Chris Hunt recalls the severe bullying he endured silently as a child, and ponders how he can protect his own son.
Don’t let them see you cry.
I’ve been wondering lately who it was who first said that to me. A decade or so ago, I probably would have said it was my father.
Thing is, now that I’ve been thinking about it, it couldn’t have been my father. I never told him. One of my brothers, then. But I never told them either. In fact, I never told anyone.
It was probably something I picked up on TV or in a book. Or maybe I just made it up. Writers tend to live in their own heads, and back then I was nothing if not a writer.
So yes, I never told anyone I was regularly bullied after school. There was this state of mind when I was a kid that telling anybody would make me a “rat.” A snitch. Better to be a silent victim than a fink, right?
There were three of them, each a year ahead of me, so just about to graduate from elementary school. I don’t remember much about them, save that one consistently wore a denim vest.
He was the leader.
I was new to the school and they took an instant dislike to me. It started innocently at first, as far as bullying goes. I was walking home from school, turned a corner and there they were. They knocked my books to the ground and kicked them between themselves, before shoving me to the ground.
Not hard, to be honest, not even hard enough to bruise. They hovered, briefly mocking me and then left.
The ambushes became a regular thing, with the beatings becoming significantly worse. Quickly the shoving gave way to elbows to the head and knees to the gut.
To avoid them, I’d alternate my route home or stay late to wait them out. Sometimes I’d leave with friends, even though they were heading in the opposite direction from my home.
Still they often got me. There was no way I could win a fight against them, so as the beatings increased, I latched onto this misguided notion that not crying in front of them meant even though they had beaten me, they hadn’t beaten me.
One day I just snapped. I was walking home when I saw the guy with the denim vest in the distance.
I shouted at him, told him if he touched me again I’d knock him out. I don’t know what I was thinking.
I should point out I was minutes from my house. If he came at me, I’d have been home well before he could reach me.
That’s what would’ve happened anyway, if his two friends hadn’t snuck up from behind me and flung me to the pavement. They held me while denim guy ambled over. He deliberately took his time.
When he arrived he asked me to repeat what I said, and like a fool I did. That’s when he started kicking me. Hard. He didn’t stop.
I vainly tried punching him, but he caught my fist and wrenched my arm. I heard something pop. The two others heard it and let me free. But the leader, he just kept kicking until he could barely lift his leg.
He stood over me, breathing heavily and said “Next time, watch your mouth,” and then left. He was walking with a limp.
That was the last beating I ever had. I stood up to them, took everything they had and didn’t cry. I felt like I had won. The fact they never touched me again reinforced that mentality.

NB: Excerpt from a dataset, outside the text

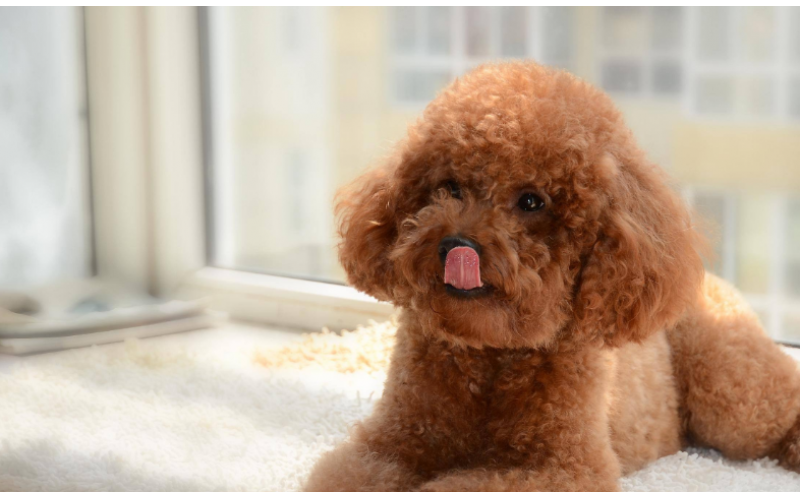 純種的泰迪犬，一般都有這6個特征！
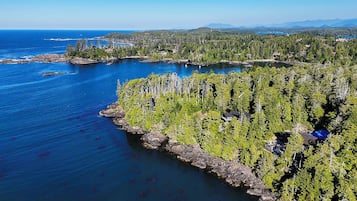 Deluxe dubbelrum - utsikt mot trädgården | Utsikt från luften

I haven’t thought about that day in decades, but it all came back when I recently saw my son Riley get bullied at a local indoor playground. He wanted to play in a pint-sized kitchenette; trouble was, it was already occupied by a much bigger kid.
The kid saw Riley, loudly shouted “NO!” and cocked his fist to punch him.

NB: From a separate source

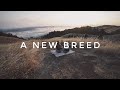 A New Breed - David Morton (CINEMATIC MUSIC)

I nearly lost my mind, but my girlfriend, a daycare teacher, handled it smartly. She sternly but politely rebuked him, explaining how important it was to share with others.
He and Riley hugged, and that was that. Admittedly I’m taking liberties with the word “bullied” in the above instance, as toddlers are too young to understand what acceptable play is.
However, the confrontation made me realize one day Riley might be in the position I was in; bullied but silent and stupidly defiant. How do I get him to tell me, so I can help? Or what if he one day begins to pick on other children?
I hope that’ll never happen, but how can I be sure? What can we, as parents, do to prevent it? Can we even prevent it?
According to statistics on the Canadian Institutes of Health Research website, one in three Canadian students report being victims of bullying.
It happens at every scholastic level and frequently to those who are deemed different or weak. And not just physical abuse.
Harsh words can leave emotional scars time might not heal. On any given day I would hear a torrent of horrible words savagely launched at my peers by my peers.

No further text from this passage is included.